Team Philippines: Microfinancing from legal and governmental perspectives

Still recovering from jetlag, most of Team Philippines awoke in the wee hours of the morning and either stared at the ceiling for a few hours, sat down for a lengthy breakfast, or got in a workout. At 8am we split into two groups: one group, with Professor Alford (professor of law) and Mauri Miller (law student) went to meet with CRS’ lawyer to inquire about the legal situation for cooperatives in the Philippines. We learned that contracts are quite enforceable through legal mechanisms in the Philippines. Many institutional buyers that reach out to small farmers, such as Nestle and Jollibee (a national burger joint), enter into contracts with the suppliers of their goods, even if they are small cooperatives.  This requires that cooperatives themselves are recognized legal entities, as opposed to an informal, legally-unrecognized group of farmers.

While Team A (Professor Alford, Mauri, Robbie, Krissy) met with the CRS lawyer, Team B (Dana, Sam, Mike) met with a branch of the Department of Agriculture called the Bureau of Agrarian Reform Beneficiary Development.  This governmental bureau aims to provide services to the beneficiaries of land reform: those who have received land titles or are leasing new lands as a result of government (re)distribution of land.  The bureau is involved in various projects, the most exciting of which for the team was a de-centralized model of microfinancing for small farmers and cooperatives which has successfully overcome many of the barriers that inhibits lending to small farmers.

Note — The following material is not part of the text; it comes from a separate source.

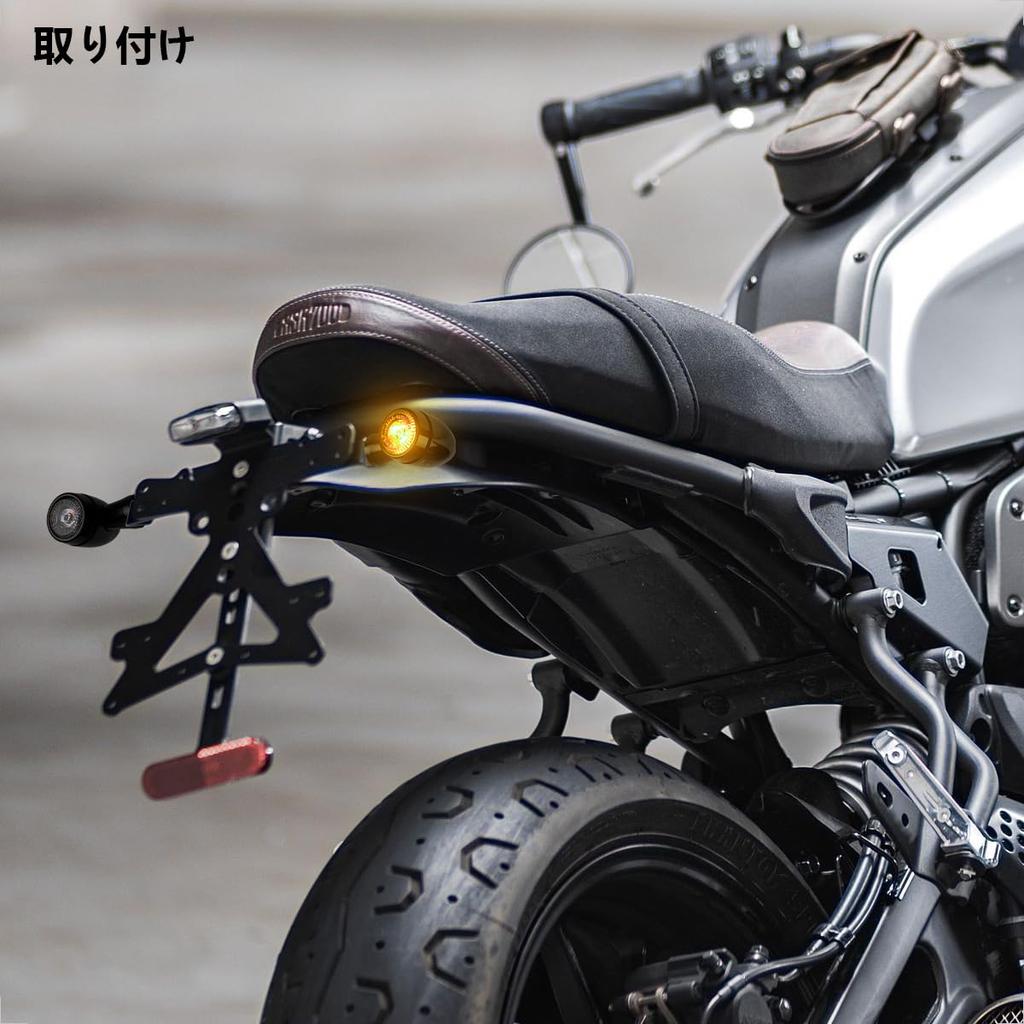 Evermotor Motorcycle LED Turn Signal: CNC process, dark black paint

Team A and Team B joined forces again in the afternoon, creating Team Awesome (aka Team Philippines), and we met with the National Livelihood Development Council (NLDC). NLDC is a government-owned social lending corporation that provides funding to rurally-based microfinance institutions and specifically aims to provide services to the beneficiaries of agrarian reform.

Meeting with the National Livelihood Development Council

Meeting with the National Livelihood Development Council

After a full day of meetings, we killed some time at the Mall of Asia, a huge, huge mall, where we bought local SIM cards, played (super cheap!) arcades, and dreamed of getting massages. Team A then headed back to our home base in Manila, and Team B boarded a flight for Davao City. Team A will spend the rest of the week meeting with CRS’ NGO partners, cooperatives, government entities, and financing institutions in the northern island of Luzon. Team B will meet with a similar group of stakeholders in Mindanao, the southernmost island in the Philippines.